I’ve had the delightful luck to be in a carpool with Steinke for several years. We commute together to Princeton, where we both teach, and often devote our travel time to discussions of fiction and innovation and how exciting it is to read a book that moves the genre of the novel forward in some way. Sister Golden Hair is that kind of genre-enhancing novel. Below are some questions I discussed with Steinke via email about the radical elements at work in her new, luminous book.


The Rumpus: In Sister Golden Hair, the protagonist, like many adolescent girls, is lured into performing roles that benefit others but not necessarily herself. Even friendships are rarely the havens they initially seem to be. Reading the book, I kept thinking about Adrienne Rich’s poem “Diving into the Wreck” when she declares: I came to see the damage that was done/and the treasures that prevail. What treasures prevailed for you as a writer after so vividly capturing the wreckage Jesse encounters in Sister Golden Hair?

Darcey Steinke: I grew up in Roanoke, Virginia in the ’70s, a small city in the Blue Ridge Mountains that, while physically beautiful, still had very rigid ideas about gender roles. The Southern cult of femininity was strong, almost to the point of insanity. I remember at times seeing suburban women who looked so “female” they looked unstable. I always think of that story Dolly Parton tells about going to town when she was a little girl and seeing a beautiful dressed-up prostitute. She asks her mother what she is and her mother says trash. Parton then wants to be trash.

I had the opposite reaction. Extreme femininity seemed insane to me and sad. As I moved into my teenage years I was ambivalent about becoming a woman. The women I saw around me in conventional marriages seemed unhappy and it was clear to me that in entering womanhood I would be much more limited in my movements, thoughts and creativity then I had been as a child. I think friendship, as you say, was so important because of the pressures of the greater culture. In writing the book, going back into the period of my own adolescence and working with composites of characters I knew, I remembered how raw, fragile and delightful many of my relationships were then. The silliness and the joy flooded up through the lines as I wrote and remembered the girls I knew. I think the people you come of age with you never really get over. You have complicated and unresolved feelings about them for the rest of your life.

Rumpus: The novel ends with Jesse still in her adolescence, but the reader leaves the book with a deep sense of which relationships will haunt her for years to come. You accomplish this with such subtlety and without any explicit foreshadowing. How aware were you while writing the novel of embedding suggestions about what might haunt Jesse well after the book ended?

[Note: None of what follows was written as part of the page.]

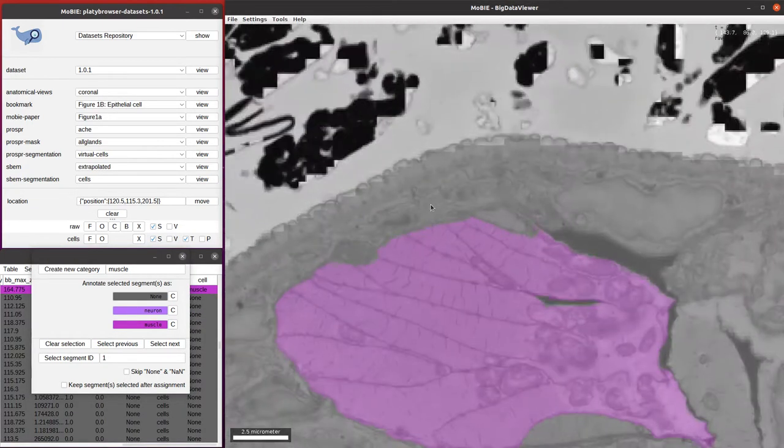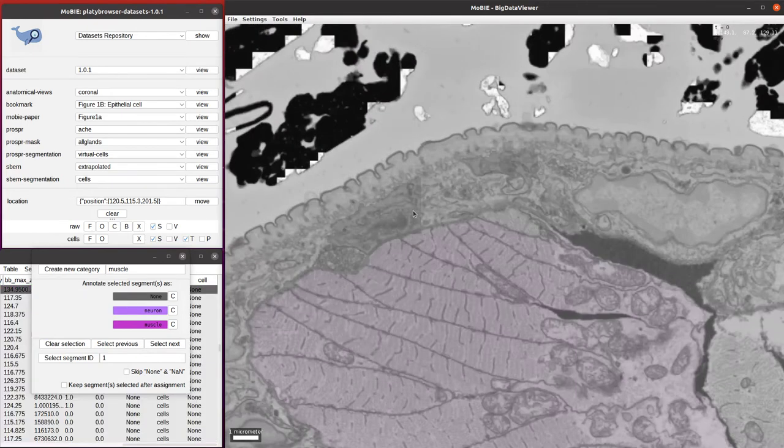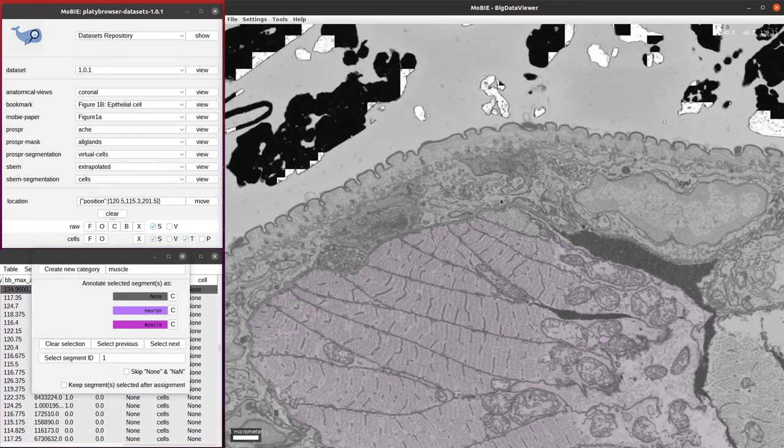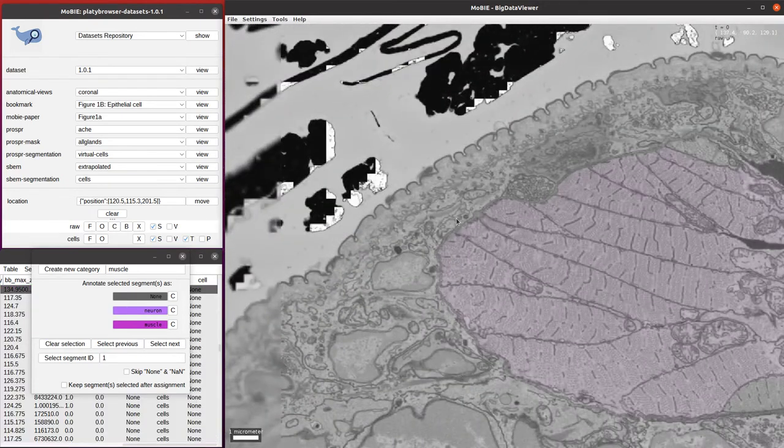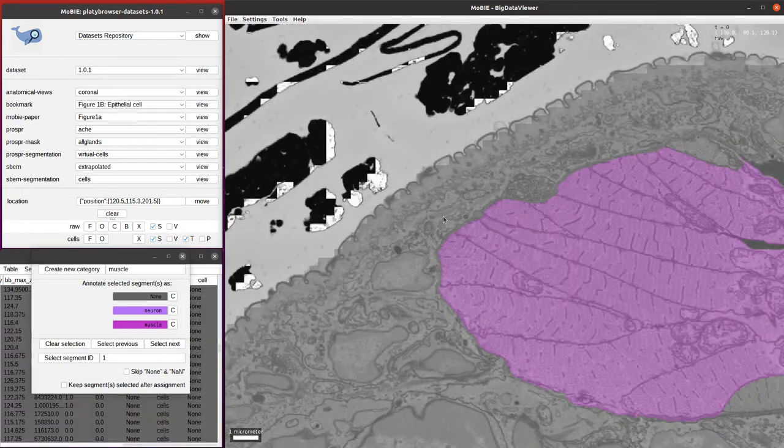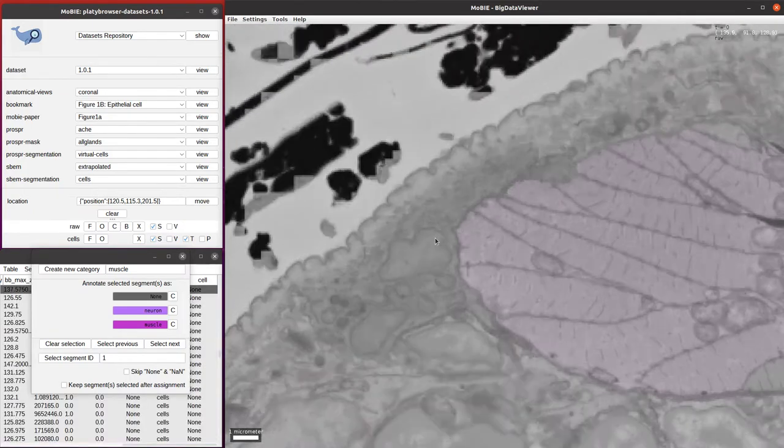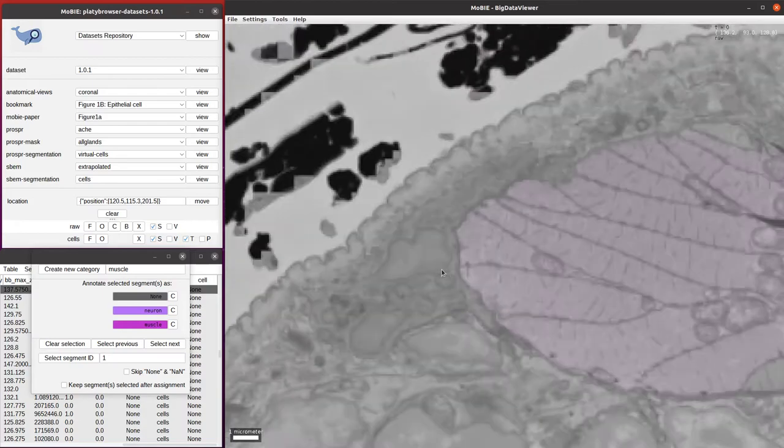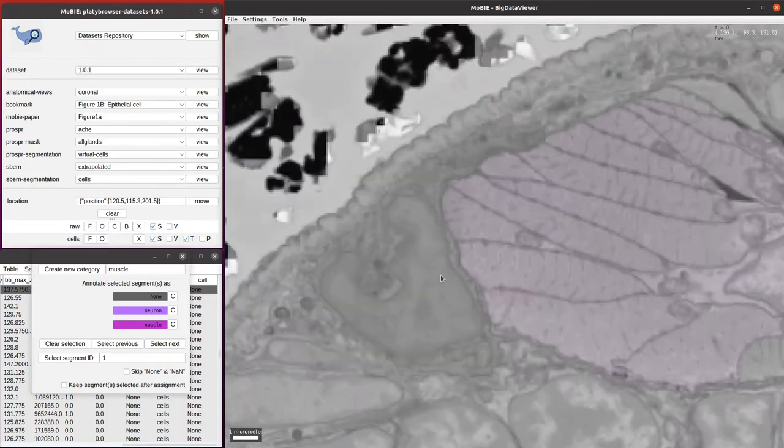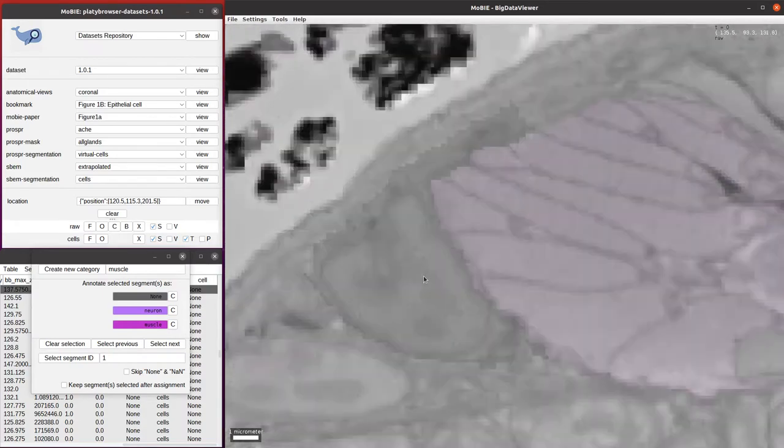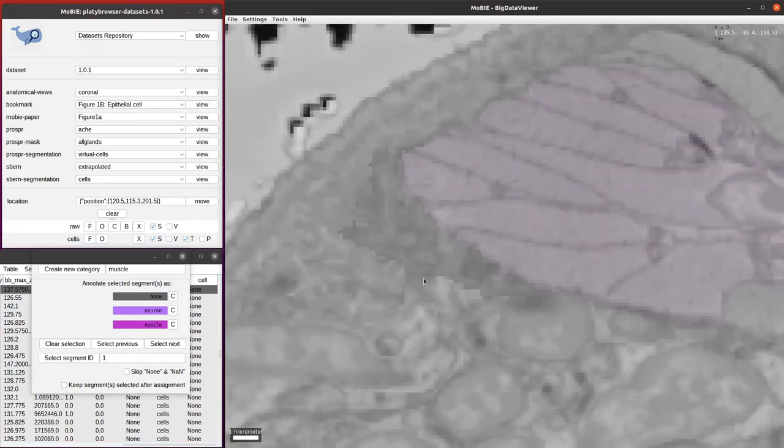We can click on another cell up here, and this one we see it's just a fragment. This is because it's an automated segmentation and there are some errors inside. Let's select another one. This one looks more complete, and we can see because it's right under the surface of the Platynereis, it is an epithelial cell.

Steinke: When we think of novels, we often think of chunks of time and the action during those periods. But when I think of time, my teenage years particularly, I think of relationships. Like 13-15, that was when my best friend was Alicia and we watched soap operas and sang along to John Denver songs. It’s the relationship that demarcates time for me. In adolescence, I was still unsure of what it was to be treated well and I was unsure too if I deserved to be treated well so I had a lot of relationships that had odd power dynamics and often I was treated cruelly. When I think about this now I can’t figure out why I put up with it. I think in the book I moved Jesse through some of those types of relationships to try to answer my own question, how does one learn one deserves love. It seems like it would be easy but it’s not. Often the relationships, before you realize you deserve love, are fascinating and complicated as well as painful. And they can mark you.

I like your idea that the relationships in the book are the ones Jesse takes into adulthood with her and I think you are right actually. The way one uses one’s history has always fascinated me. How your relationship to your own memory is always changing. My interpretation of past scenes of my life shifts constantly and I like to think that will be true for Jesse as well.

Rumpus: Toward the end of the novel, Jesse’s doubts about her relationships start to bleed into her doubts about her relationship to God, or perhaps it’s the spiritual doubt that starts to bleed into her doubts about the people she trusts and if they are taking advantage of her. I love the moment toward the end of the book when she describes prayer as yelling into a hole and imagines shouting into it: Do I really have to bare my womanhood? Do you think American girls feel less pressure to pose that question now? Or maybe it’s just the notion of God that’s changed and the pressure now is to perform the question for the ever-present Internet instead of some God who might be listening at the bottom of a hole?

Steinke: Jesus! Idra, this is a fantastic question. In some ways, the question that appears in the novel “Do I have to show my womanhood?” is the main one to ask of God. As in, Do I have to perform or can I be myself. This is the ultimate question. It has to do with the True and the False self. I know its one you’ve thought about a lot as it’s a key theme in the Lispector novel, The Passion According to G. H., which you translated, and it’s a theme I also see in many of your poems and in your forthcoming novel.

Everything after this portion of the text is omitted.